On December 20, 2024, we entered into a new foreign currency hedge contract (the “2024 Hedge Contract”) with BMO. In connection with our entry into the 2024 Hedge Contract, we net settled the 2023 Hedge Contract and rolled the proceeds into the 2024 Hedge Contract, net settling the 2024 Hedge Contract premium of approximately $4.5 million. Similar to the 2023 Hedge Contract, the 2024 Hedge Contract is in the form of a CAD put/USD call option in order to hedge foreign currency exposure related to our net investment in subsidiaries that hold properties we acquired in Canada. The 2024 Hedge Contract has a notional amount of CAD $200.0 million, a duration of 12 months with a settlement date of December 19, 2025, and a strike of 1.4005 USD-CAD.

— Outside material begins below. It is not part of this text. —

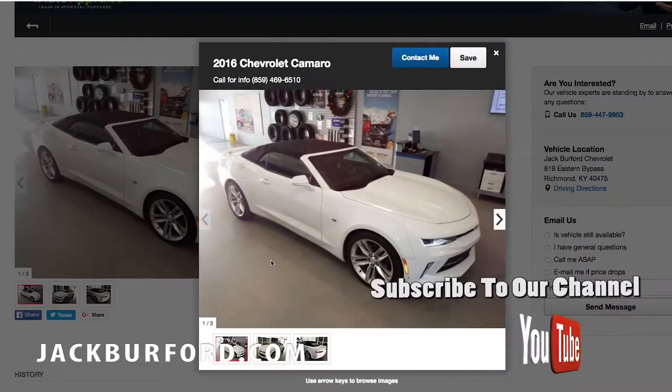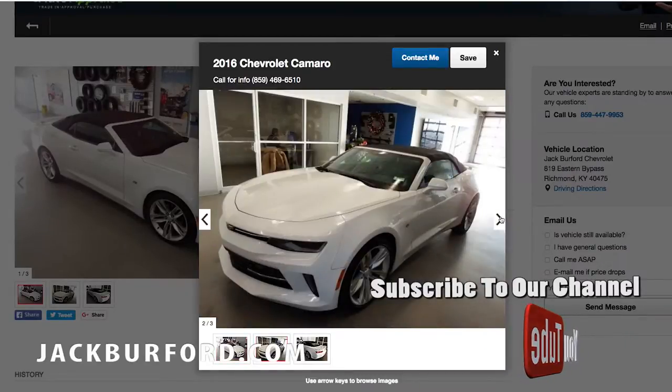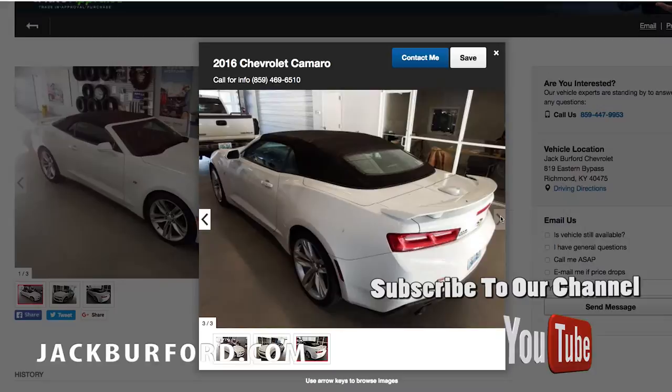Only $25,980. Go to jackburford.com for more information on this great vehicle, and don't forget to subscribe to our YouTube channel. Thanks everybody for watching.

First Quarter 2025 Distribution Authorization
On December 20, 2024, our board of directors declared a daily cash distribution in the amount of approximately $0.001698 per day per share on the outstanding shares of common stock payable to Class A, Class T, Class W, Class P, Class Y and Class Z stockholders of record of such shares as shown on our books as of the close of business on each day of the period commencing on January 1, 2025 and ending March 31, 2025. In connection with this distribution, stockholders who hold Class T and Class Y shares will be paid an amount equal to $0.001698 per day per share less the stockholder servicing fee payable per share per day, and stockholders who hold Class W shares and Class Z shares will be paid an amount equal to $0.001698 per day per share less the dealer manager servicing fee payable per share per day. Such distributions payable to each stockholder of record during a month will be paid the following month.